For those of you who like me have always felt a little sorry for the second son, Keller would say that he is equally lost. Yes, he’s stayed home and done everything he’s been expected to, but he’s done it with a good dollop of resentment in his heart – out of duty. At the bottom, he feels his father owes him. His father also comes out to him and in this case takes time to persuade and encourage his son to see things differently – to join in the joy that his brother is home. Even though he will have to move over a bit to give him space in the family again. Space that the elder brother doesn’t feel he deserves.
For those of us who were brought up in a Christian home who have never done anything wild or outrageous but have tried to follow the teaching of the Bible, we need to look in our hearts and ask why we try to live well.

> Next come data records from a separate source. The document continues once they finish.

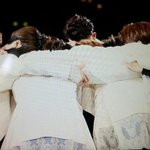 [EXO] 오늘 애들 눈화장... 쩔었지?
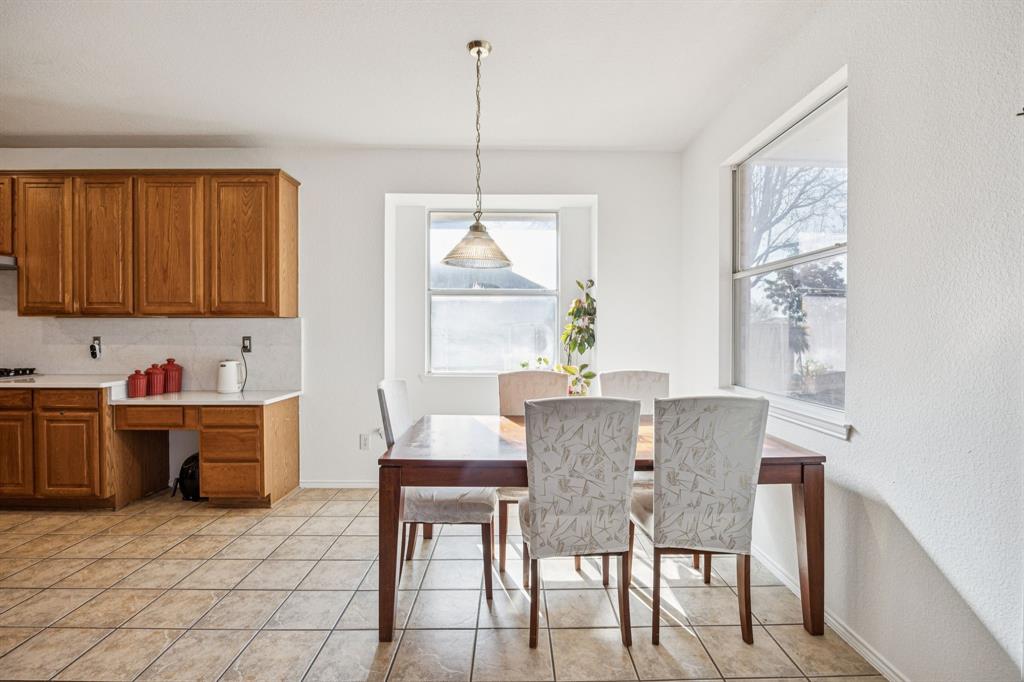 Vineyards At Heritage The - Residential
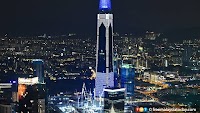 We still own 51% stake in TRX tower, says Treasury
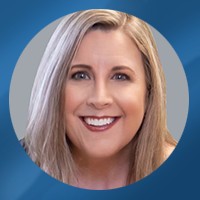 jennifer davis image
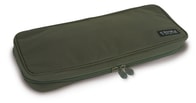 Fox Pouzdro na hrazdy Royale 3-4 Buzz Bar Bag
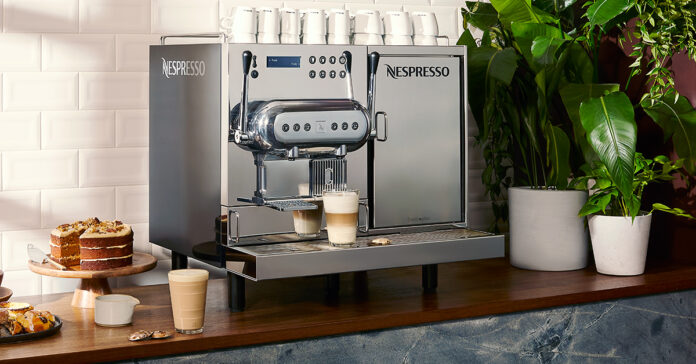 NESPRESSO_NL_WEB_LOCAL_ORG_IMG_BANNER_Aguila-220_1200BY628_SHOT1_B2B_25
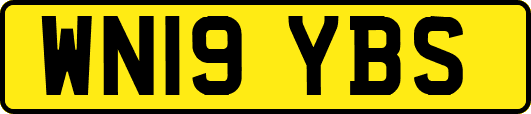 WN19YBS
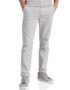 MANSLOOK Brand – Symbol Men’s Casual Regular Fit Cotton Pants | Chinos | Trousers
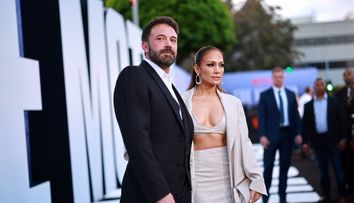 O actriță celebră a presimțit despărțirea dintre J Lo și Ben Affleck! Cum a încercat să o avertizeze pe artistă: „Vreau să știi că…”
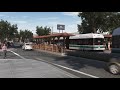 East Bay BRT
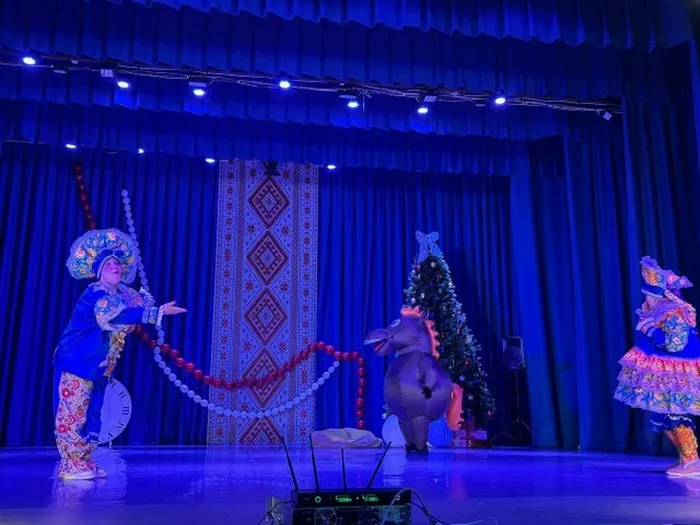 g_1jT3t0PUtC6KIDHtu1nJnWdHF6kRFwoP40m1uASxwl0FFf00LWYbAWVkUZjNazqtylNE-Ee8IqG8j5zLfa1yDJ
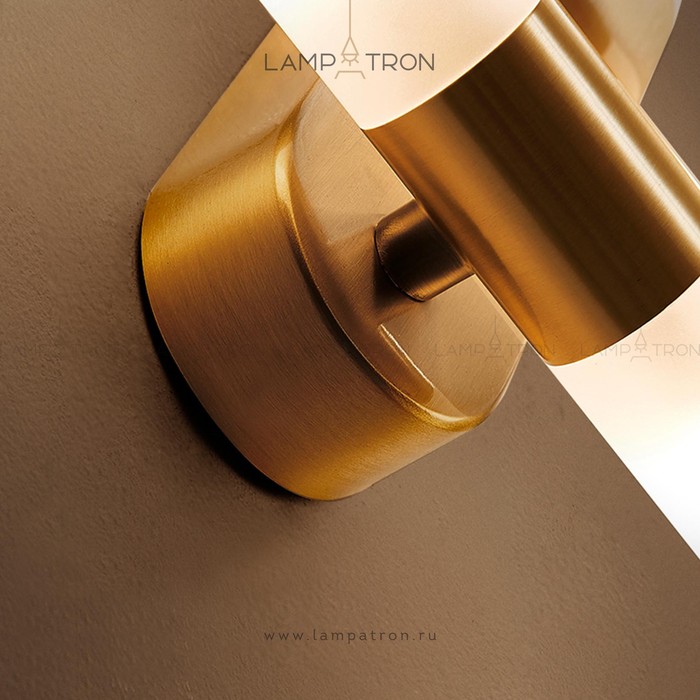 trim-xl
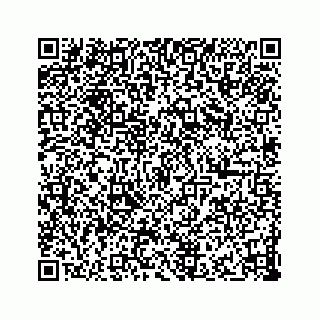 vCard 73832338354
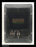 GE 12IAC51B3A Overcurrent Relay - 0.5/2 Amp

Are we trying to earn our place with God? Do we feel God owes us? When our lives are difficult, do we feel God is letting us down and it’s not fair after all we’ve done for Him?
Just before this parable are the parables of the Lost Sheep and the Lost Coin when someone searches high and low for something that is lost. In the Parable of the Lost Sons, no-one goes searching. Was that what the elder son should have done? Should he have taken the cost and hardship of going to seek for his younger brother?
Fortunately for all of us, Jesus has already come and taken the cost and hardship for when we get lost or choose badly. He is perpetually seeking us out and longing for us to love our Father God – not because there is anything we can do for him but because of what he has done for us. When we really take that on board, our hearts are filled with joy and gratitude and we start partying even now at the greatest feast there will ever be.